Tras la proyección, se creó un nuevo vínculo entre los ponentes y el público, y todos acordamos visitar con más frecuencia a las personas que viven con lepra. Un hombre que trabaja como electricista contó que él también había perdido la esperanza y las ganas de vivir, pero que la historia de Juanita y el debate le habían servido de inspiración y que ahora estaba dispuesto a vivir su vida y convertirse en un defensor de la causa en su comunidad.
Por favor, cuéntanos un momento memorable de tu evento.

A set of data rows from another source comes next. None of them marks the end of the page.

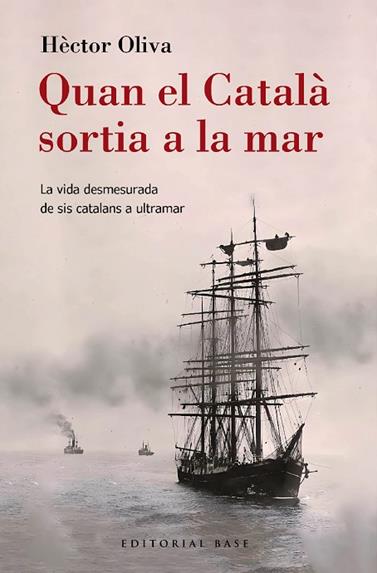QUAN EL CATALÀ SORTIA A LA MAR. LA VIDA DESMESURADA DE SIS CATALANS A ULTRAMAR | 9788410131149 | OLIVA CAMPS, HÈCTOR
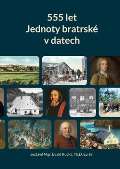 Jednota Bratrsk 555 let Jednoty bratrsk v datech (14572012)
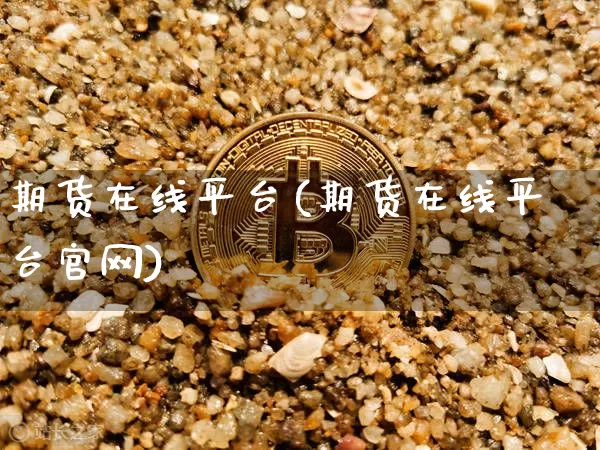 期货在线平台(期货在线平台官网)_https://www.jianghaiboli.com_黄金期货_第1张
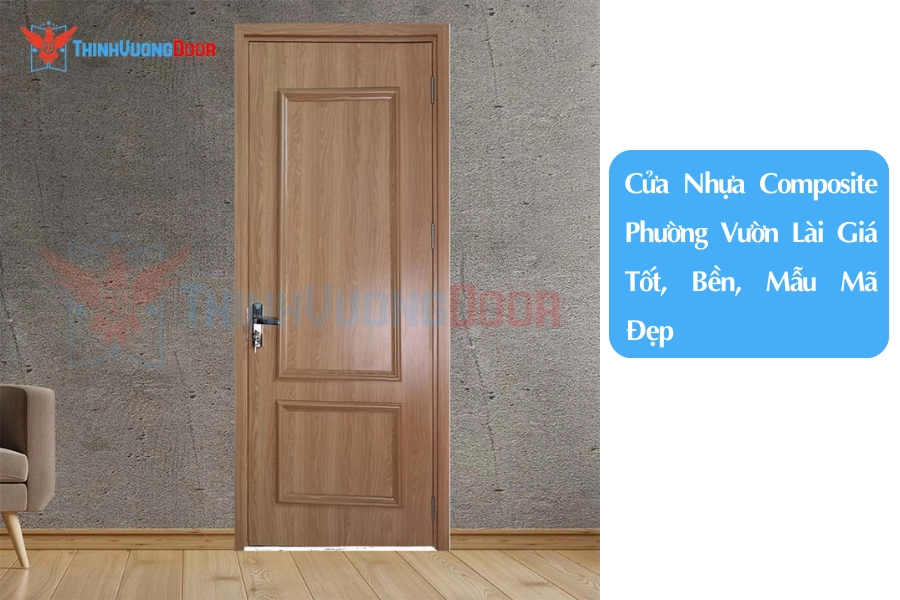 Cửa Nhựa Composite Phường Vườn Lài Giá Tốt, Bền, Mẫu Mã Đẹp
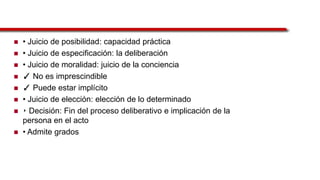  • Juicio de posibilidad: capacidad práctica
 • Juicio de especificación: la deliberación
 • Juicio de moralidad: juicio de la conciencia
 ✓ No es imprescindible
 ✓ Puede estar implícito
 • Juicio de elección: elección de lo determinado
 ‣ Decisión: Fin del proceso deliberativo e implicación de la
persona en el acto
 • Admite grados
 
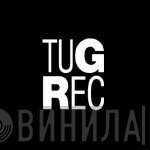 Tug Rec - Винил CD и Кассеты лейбла Tug Rec на сайте МаркетВинила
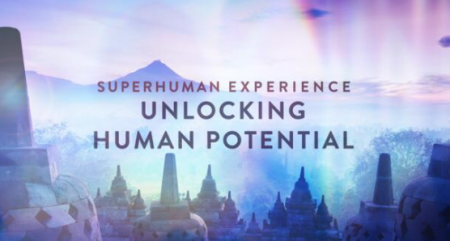 Superhuman Experience (Episode 1) - Unlocking Human Potential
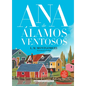 Ana de Álamos Ventosos - Hardcover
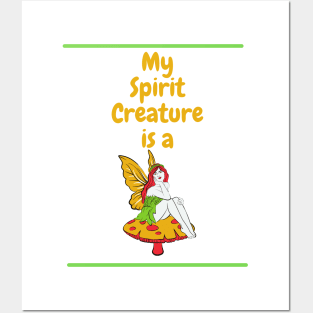 My Spirit Creature is a Fairy Posters and Art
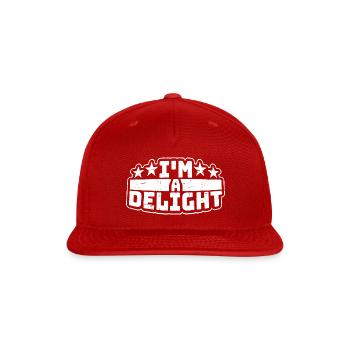 Funny I'm A Delight Sarcastic Delightful Humor Fun - Snapback Baseball Cap - red - Front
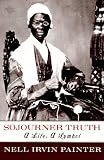 Sojourner Truth : A Life, A Symbol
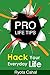 Pro Life Tips - Hack Your Everyday Life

Durante la sesión de debate, una mujer preguntó cómo podía «sacar adelante su vida»; quería poner en marcha un negocio de alimentación, pero temía que la gente nunca le comprara nada porque padecía lepra. Nuestra ponente le dio una respuesta muy inspiradora y le aconsejó que utilizara ese obstáculo como medio para crear una campaña en su comunidad sobre las personas que viven con lepra, de modo que las autoridades locales tomaran conciencia del problema. La ponente reconoció que quizá la gente no le comprara comida directamente a ella, pero que tal vez podría contratar a alguien para que la ayudara a cocinar mientras ella se ocupaba de la parte «empresarial» del negocio. Hacer ambas cosas a la vez, sugirió la ponente, ayudaría poco a poco a que el estigma se fuera desvaneciendo.